Chapitre 2 –la recherche de nouveaux repères politiques

La critique des institutions, au sens le plus large du terme, jusques et y compris l’Eglise et la morale traditionnelle, à travers par exemple le soutien des luttes pour l’IVG, secoue visiblement une société que ses édiles jugeaient bien ancrée dans une fidélité à son passé. La différence de ton entre la réponse donnée par la commission des affaires culturelles au Ministère dans sa séance du 5 octobre 1966, à propos de l’éventuelle création d’une maison de la culture, et la prise de position de la même commission, en tout cas avec les mêmes responsables, lorsqu’elle examine la demande du Théâtre Eclaté le 24 octobre 1972, marque bien l’évolution de la situation : la culture n’est plus une question que la municipalité traitera dans des conditions qu’elle se donne le temps de définir ; la culture est un problème qui manifeste, dans les concerts, sur les scènes, dans les publications et tracts, un désir de changement, un refus des conventions et de l’ordre établi, une urgence aussi qui ne peut plus s’accommoder de la prudence.

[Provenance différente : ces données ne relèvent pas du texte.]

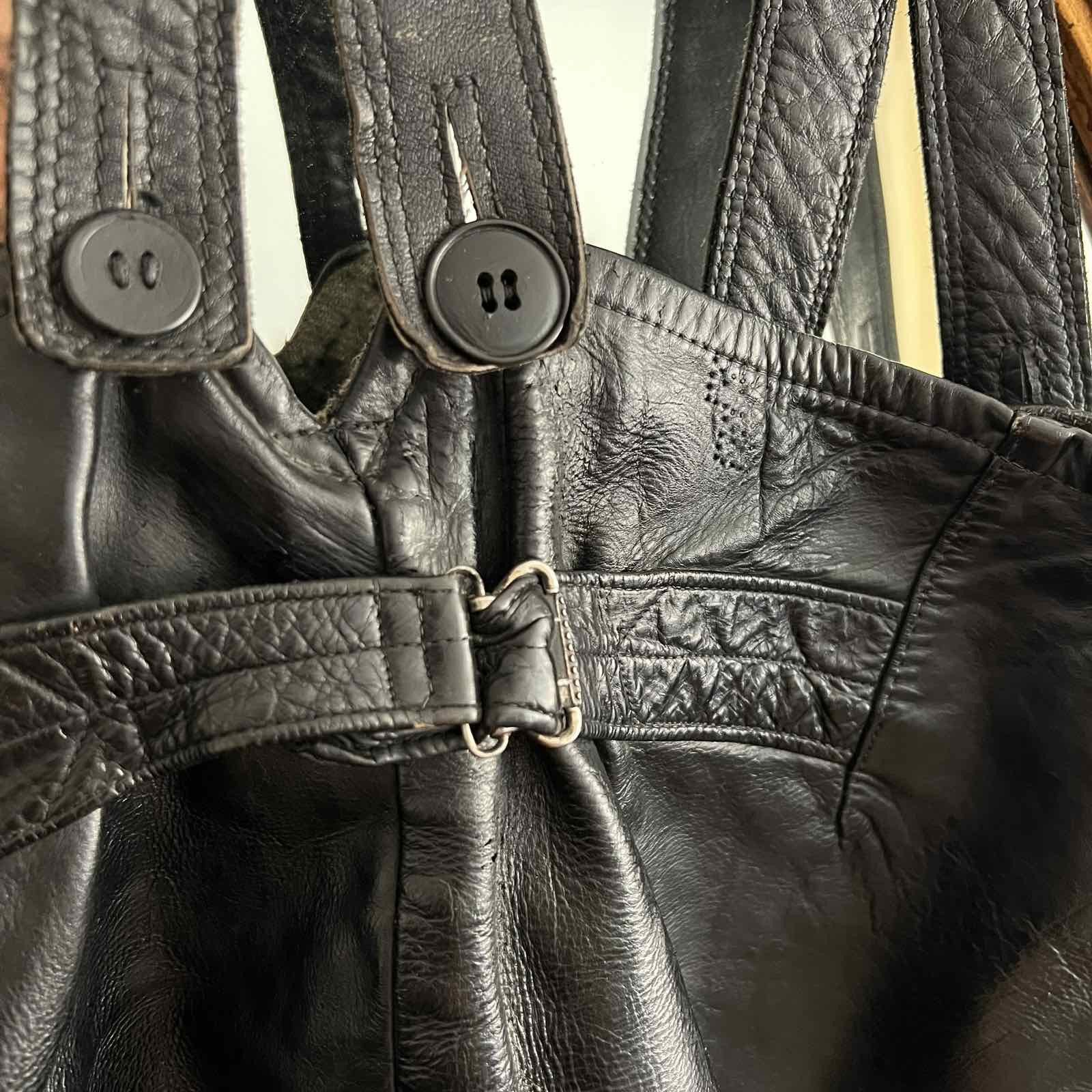 Vintage Vintage Antique 1940s WW2 European Army Flying Leather Pants Size US 34 / EU 50 - 9 Thumbnail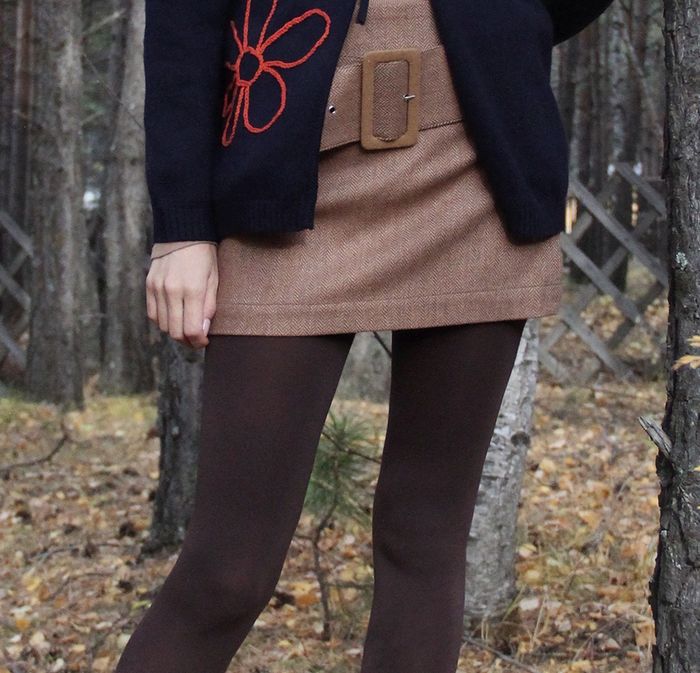 Herringbone Wool Mini Skirt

Tout d’abord la question de l’équipement culturel, posée depuis des années à travers le problème de la grande salle et jamais vraiment tranchée, devient rapidement à la fois une revendication et un point de fixation du débat politique : autour de sa définition se met en place ce que l’on a appelé la “ commission Bonlieu ”, une instance de réflexion et de proposition, et qui rassemble des acteurs issus de tous les milieux. Bonlieu, et par voie de conséquence la politique culturelle, tend progressivement à occuper une place centrale dans le débat politique local.

Pour autant, la municipalité doit faire face au mouvement de revendication et de contestation qui s’est créé autour d’AJA et du Théâtre Eclaté, mouvement qui commence à rassembler largement les opposants de gauche. A cet effet, elle utilise plusieurs voies : une forme de résistance passive avec les acteurs culturels les plus actifs, un jeu assez paradoxal avec le ministère de la culture, la recherche d’une solution médiane pour formaliser son action dans le domaine culturel. C’est bien le rétablissement d’un certain ordre dans le domaine culturel qui devient une priorité pour la municipalité, au risque de laisser les acteurs les plus remuants la bousculer, et de perdre ainsi une part de sa légitimité.

C’est à ce moment, vers 1973-1974, que l’on peut assister à un retour de l’histoire, celle des Glières plus particulièrement, à l’occasion de l’inauguration par Malraux d’un monument commémorant les combats de mars 1944. De même, deux évènements de la vie annécienne ramènent au premier plan un groupe d’anciens militants culturels, fondateurs des Marquisats et de Peuple et Culture, tous liés à la Résistance, anciens des Glières pour certains. Le retour de l’histoire des Glières introduit alors une dimension qu’elle n’avait jamais eue auparavant, et joue un rôle inédit. Enfin, cette période est le temps des productions écrites sur Annecy, et sur l’action culturelle dans la ville, dont nous avons souligné l’importance en introduction à notre travail. Ces travaux et écrits forment un ensemble qui va contribuer à la notoriété de la ville, en particulier dans la communauté des sciences sociales : mais une des interrogations que suscite cette production à trait à la forme de « récit » que constitue progressivement cet ensemble, que ce soit avec les reprises successsives d’éléments de seconde main, que par la construction progesssive d’une image et d’une ressource politique, telle que l’envisage ClaudioM. Radaelli394, en particulier en établissant pour les acteurs une temporalité de l’action publique. Cette dimension nous paraît être, dans cette phase, un élément central dans les échanges politiques très tendus entre les acteurs.

L’ensemble de ces éléments, dans la période qui va de 1972 à 1975, contribue à façonner une image d’Annecy, ville culturelle, et de l’action de la municipalité, image qui va devenir une donnée politique centrale. La démission de Charles Bosson de ses fonctions de maire en 1975, et sa succession assurée par son premier adjoint André Fumex, marque alors une étape importante dans cette histoire politique.

Notes
394.

Radaelli Claudio.M., « Logiques de pouvoir et récits dans l’Union européenne », Revue française de science politique, vol.50, n°2, avril 2000.